It's been an interesting couple of weeks to say the least. Or, as many people say these days "Are your kidding me?" What I didn't tell you last time was that I had a regularly scheduled mammogram on Thursday, August 4th, the day after my final chemo. I got the good news about the colon screening the day before so I was positive and poised to receive another 'all clear'. On the Tuesday following, I received a call from Hotel Dieu that 'something' showed up on the mammogram and they wanted me back for a second one, along with an ultrasound. With my imagination in rapid overdrive, I was mentally turning the light at the end of the tunnel into a high speed freight train aiming straight in my direction. This morning we saw my family doctor who was able to give a more accurate picture. The freight train was actually a flashlight poking along to see if there might be something ahead and the mammogram simply reflected a cyst that was 'probably benign' and they would simply follow it with a mammogram in six months. And the cyst is 19mm!! Imagine that after dealing with a mass in my liver that was 20cm by about 15 cm.
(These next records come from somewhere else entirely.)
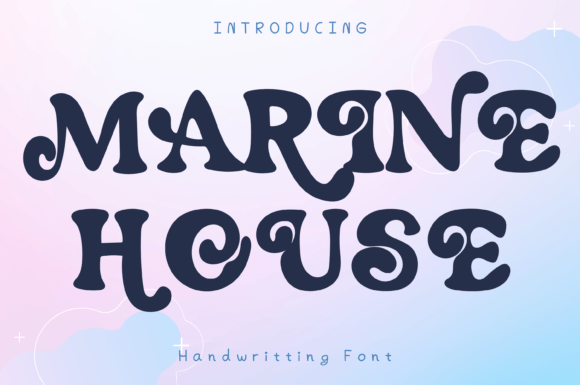 Marine House: A Whimsical Display Font for Editorial Design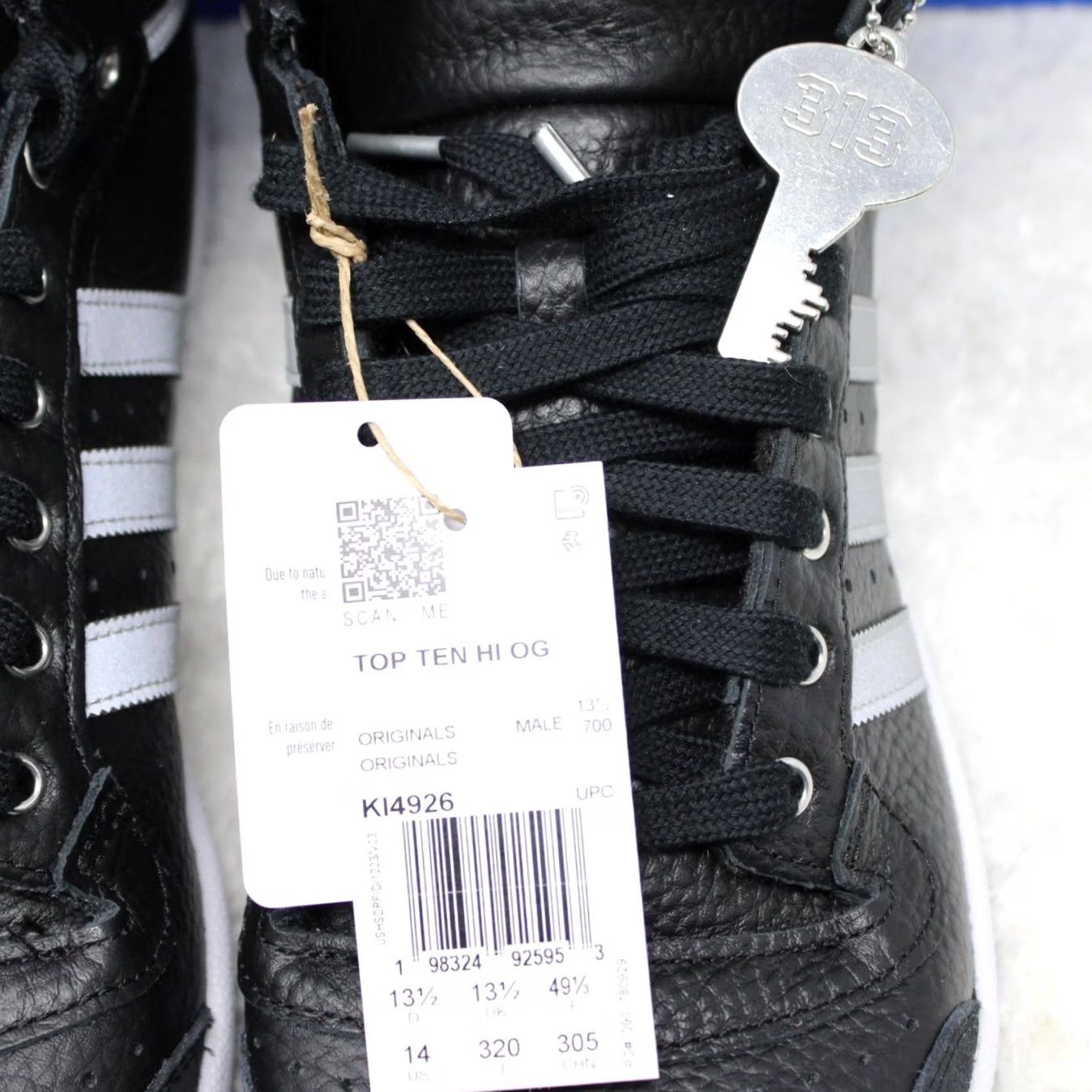 Adidas Adidas Basketball Shoes High Top Top Ten 90s Mens 14 Black Silver with Box OG "Motor City" KI4926 — 313 Day 2026 Release Size US S / EU 44-46 / 1 - 3 Thumbnail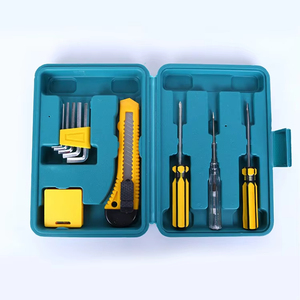 Sıcak fabrika doğrudan satış 10 el aletleri destek OEM özel 1 yıl garanti acil donanım ev tipi el aleti takım - Product Image 1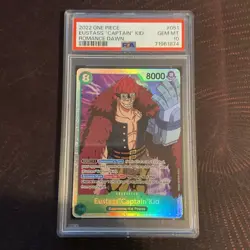 One Piece Romance Dawn 2022 Eustass 'Captain' Kid PSA 10 #1 - Image 1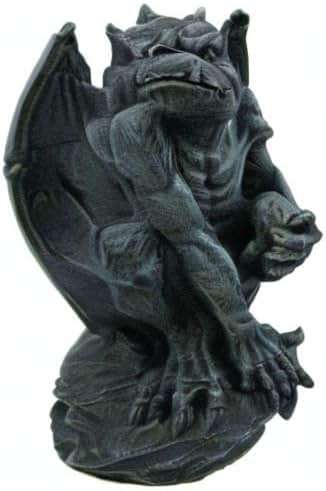 Poised Protector Winged Gargoyle Statue Guardian - Image 7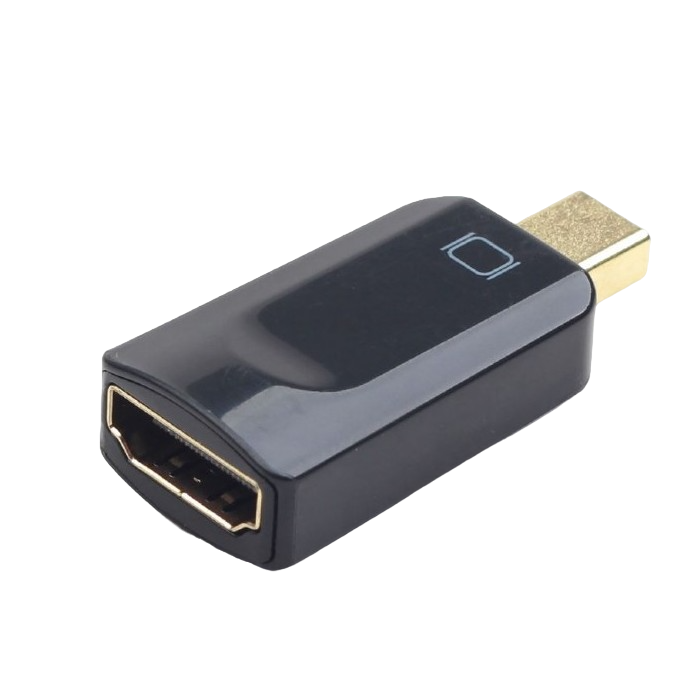 Видеоадаптер Cablexpert A-mDPM-HDMIF-01, MiniDP (M) - HDMI (F), Чёрный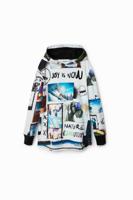 T-shirt met fotografische print - WHITE - 3/4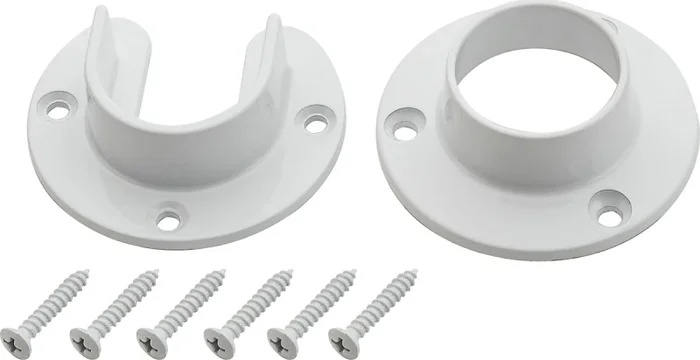 V8600 S822-083 Closet Flange Set, Zinc, White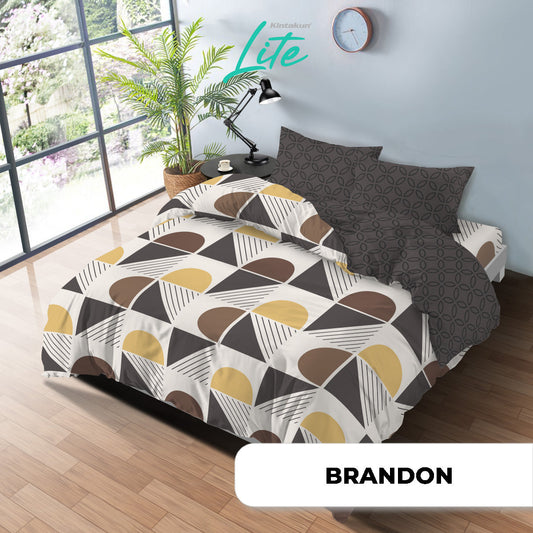Kintakun Lite Bedcover Fitted Brandon Tinggi 20cm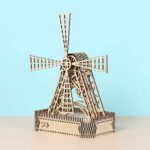 Windmill Model 3D Wooden Puzzle_2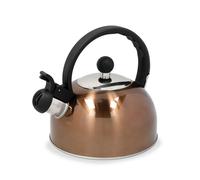 La cafetière hervidor silbante de acero inoxidable efecto cobre 1,3l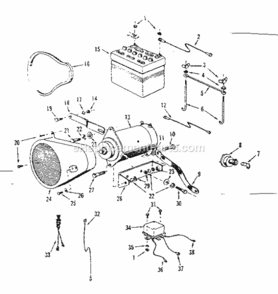 Page D Diagram and Parts List for 91725340  Craftsman Lawn Tractor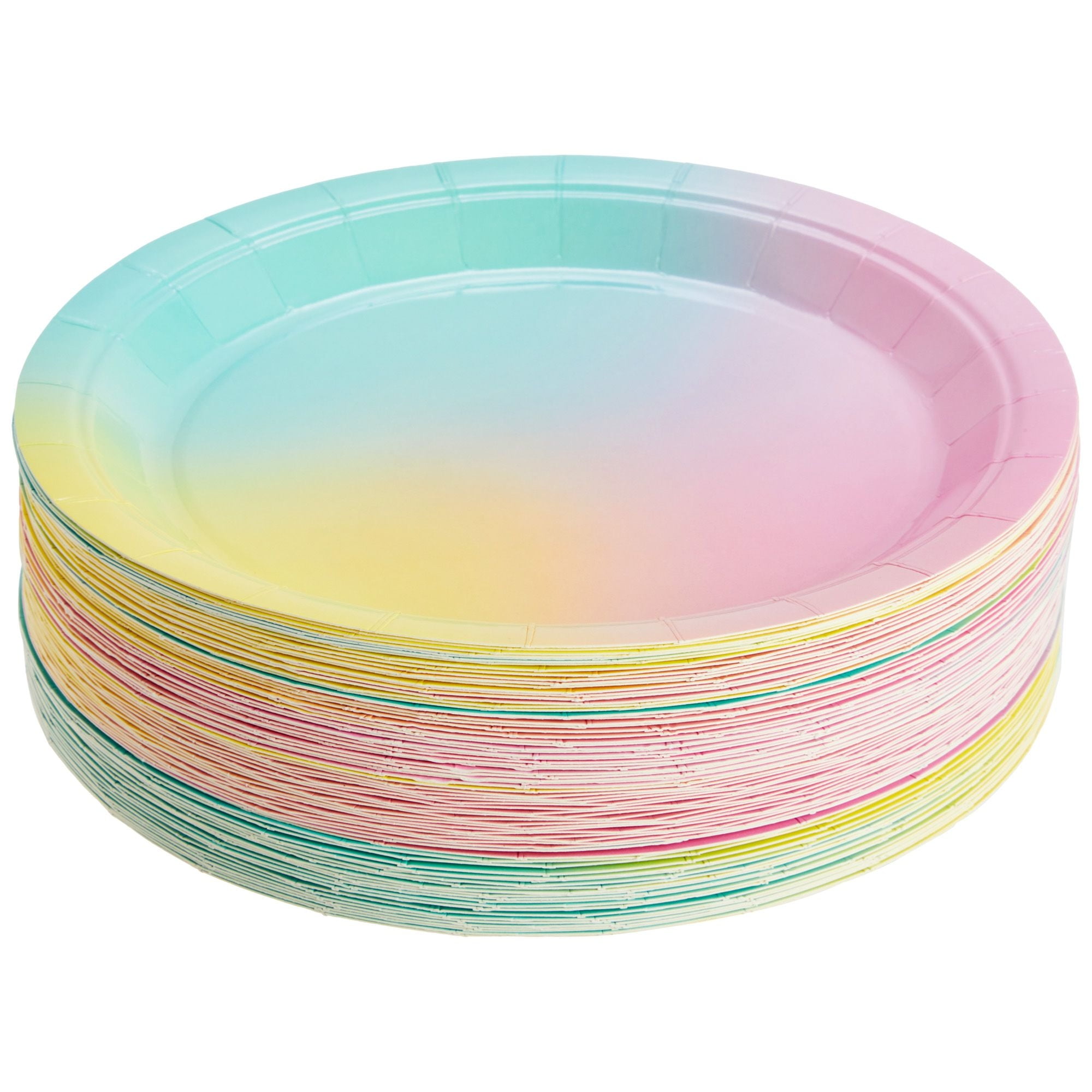 Rainbow Party Supplies, Pastel Paper Plates (9 in., 80 Pack)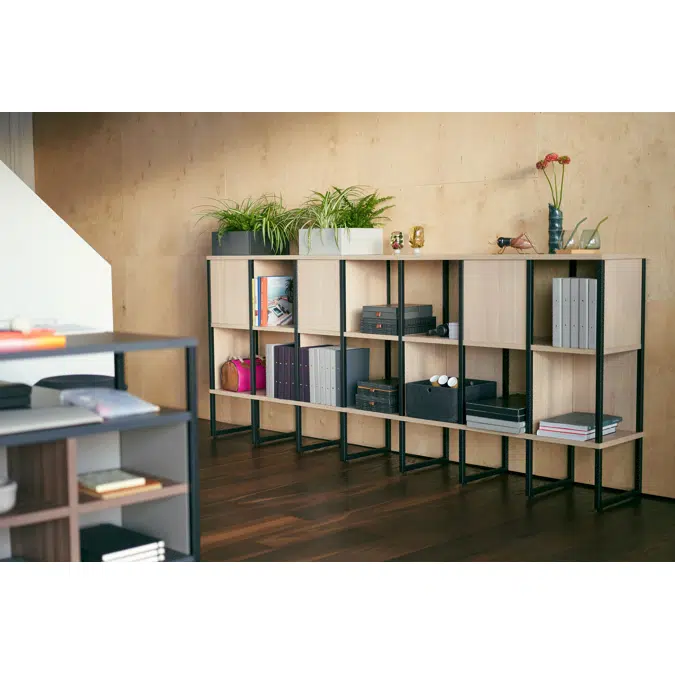 Modular shelving system se:matrix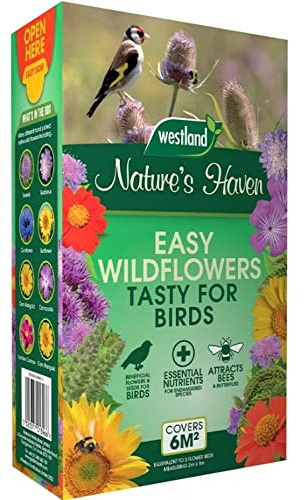Nature's Haven 20500330 Easy Wildflowers for Birds,1.2KG (6m2) Carton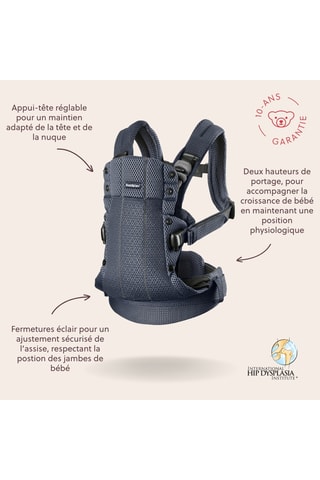 Porte-bébé Harmony - De la naissance à 3 ans - Jusqu'à 15 kg - Anthracite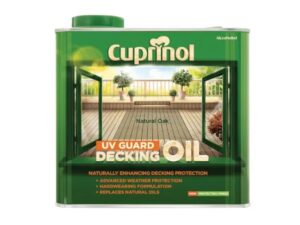 Ronseal UV Guard Decking Oil & Protector Natural Oak 2.5L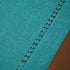 Grelucgo Set of 6 Handmade Hemstitch Teal Table Placemats, Rectangular 12 by 18 Inch...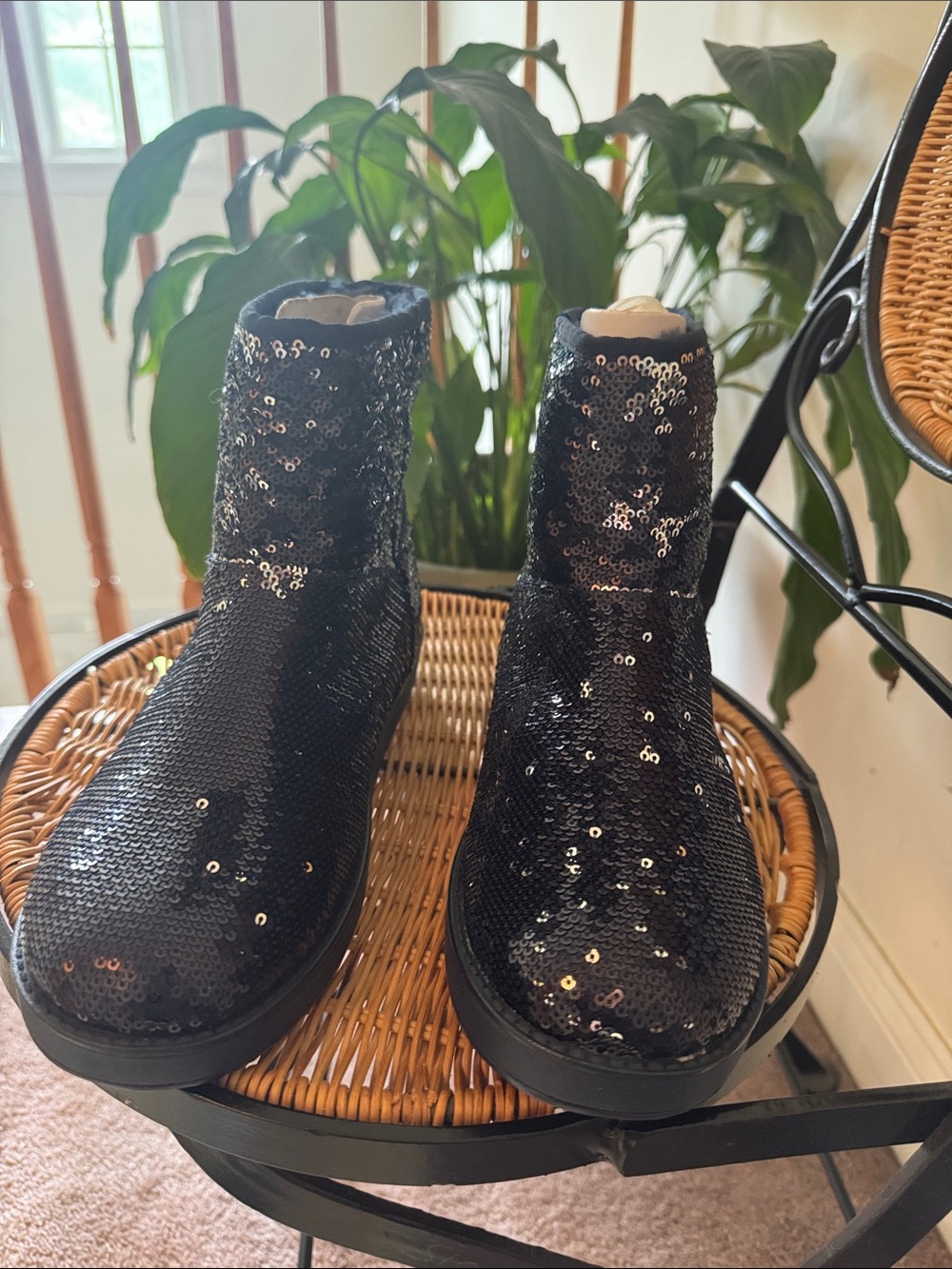 Guess Dark Blue Sequin Kids' Booties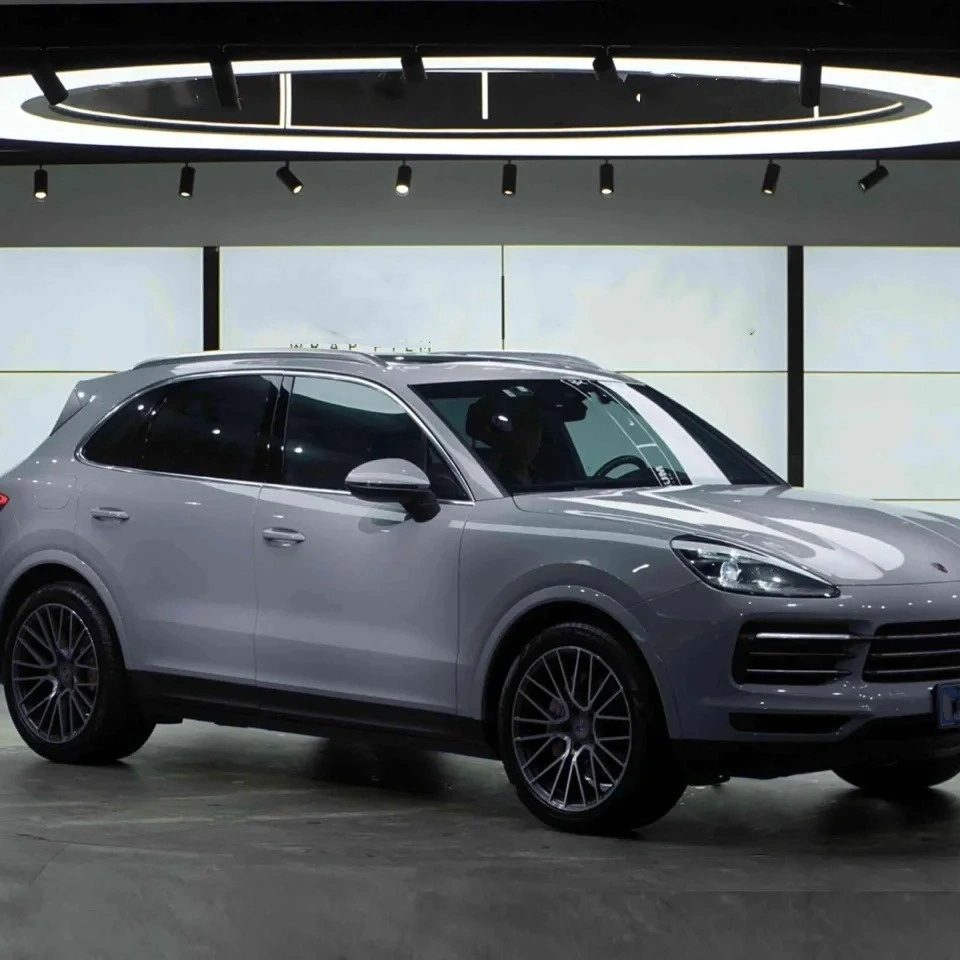 Gloss Light Slate Grey Car Vinyl Wrap PET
Between the followup mammogram, the suggested bone scan, and other physical adjustments it's little wonder I'm so much more stiff and sore in my joints. I've been doing mental and emotional gymnastics that would surely garner a gold medal had there been such an Olympic sport. Not that 17 chemo treatments in 5 months would leave any residual and cumulative physical side effects! Not that there would be any physical release after months of having my body gearing up for a toxic assault on a weekly basis. Not that my body might need extra sleep to physically heal from the poison that is no longer a regular invader. After all, as per usual, I've been blessed to have skipped through each cycle without the typical dragged out, can't lift the head off the pillow feeling that many people suffer through.
You might be thinking 'well what's next'? That was the same question my family physician asked this morning. We reviewed what we know. There are follow up appointments tentatively scheduled for September - one with the symptom management team, one with my family doc which will include some routine blood results that have not been done for quite some time i.e. blood sugar, cholesterol etc., and one with the oncology team toward the end of September. A follow up mammogram in six months initiated by family doc's office. Other than that, we go on living every day just like everyone else. It's starting to hit home, how, we really need to live as though each day is our last. Sure, I have a more likely chance of heading off to meet my Maker sooner than others but I've already outlived several people who had no idea they'd be off to that all important meeting before me.
In a previous post I shared part of a story from a blog follower and email friend. In response to my last message I received feedback that, as usual, I found thought provoking, tagged with a dry sense of humour and wit. I hope you enjoy as much as I did:
"Not to be maudlin or anything but your comments regarding passing on to the other side caught my attention as I have also tried to put my life in perspective, and in order, in anticipation of the big moment. Considering that my wife, parents, siblings, best friends and family pets have all passed on (all wonderful souls) my faith allows me to not fear the best before date, but in fact believe that it will be a glorious event (notwithstanding some penalty box time, hopefully short, that I have no doubt accrued) "
The last couple of weeks have allowed me to get used to the reality that one day there won't be any more that can be done. Accepting this reality is helping me make some small progress in accepting God’s will for my life while remaining hopeful for whatever relief and respite He may be prepared to offer. After all, if I had the choice, would I want to know all of what's ahead in my life? No, I prefer not to worry about what’s around the next bend, and feel it's better that we don’t know. I'm fairly convinced we couldn't handle knowing and would be totally overwhelmed. Maybe that's why life is broken up into 24 hour periods. Sort of what the Bible says about not worrying. Focus on today as tomorrow has enough trouble of its own.
It's during these times of testing that we have to take a good hard look at what support systems we have, remind ourselves of the many people who may have reached out to us and offered assistance and the anchors in our lives that keep us from being tossed aimlessly out to sea during the storms of life. Needless to say, I believe my faith is the best anchor I could ask for and often wonder how others cope. I talk about my faith from my own perspective and respect others may have their own faith based on a different higher power. Whatever works for the individual is what's important.
Recently a friend reminded me of the saying ‘Let Go and Let God’ which of course we’ve all heard numerous times before. A mental image came to mind this last time though, of a white flag. What a great way to 'surrender' our lives to God and allow His plan to unfold as it will. Just wave the white flag.
As I close this message, I'd like to share my newest response to people asking how I am, which is “Praying and Playing Every Day”. After all, if we were to moan and groan every day that one day we're going to die, what kind of life would we have? On that note, let each of us take the days ahead as the best days of our lives. Let us stay open to what we're being called to do, no matter how small, we might be surprised at the ripple effect these actions can have.
Take care and God Bless,
Hugs
Liz
dobbsjones@gmail.com
'Prayers wrapped in faith and sent with love are the greatest gifts we can receive'.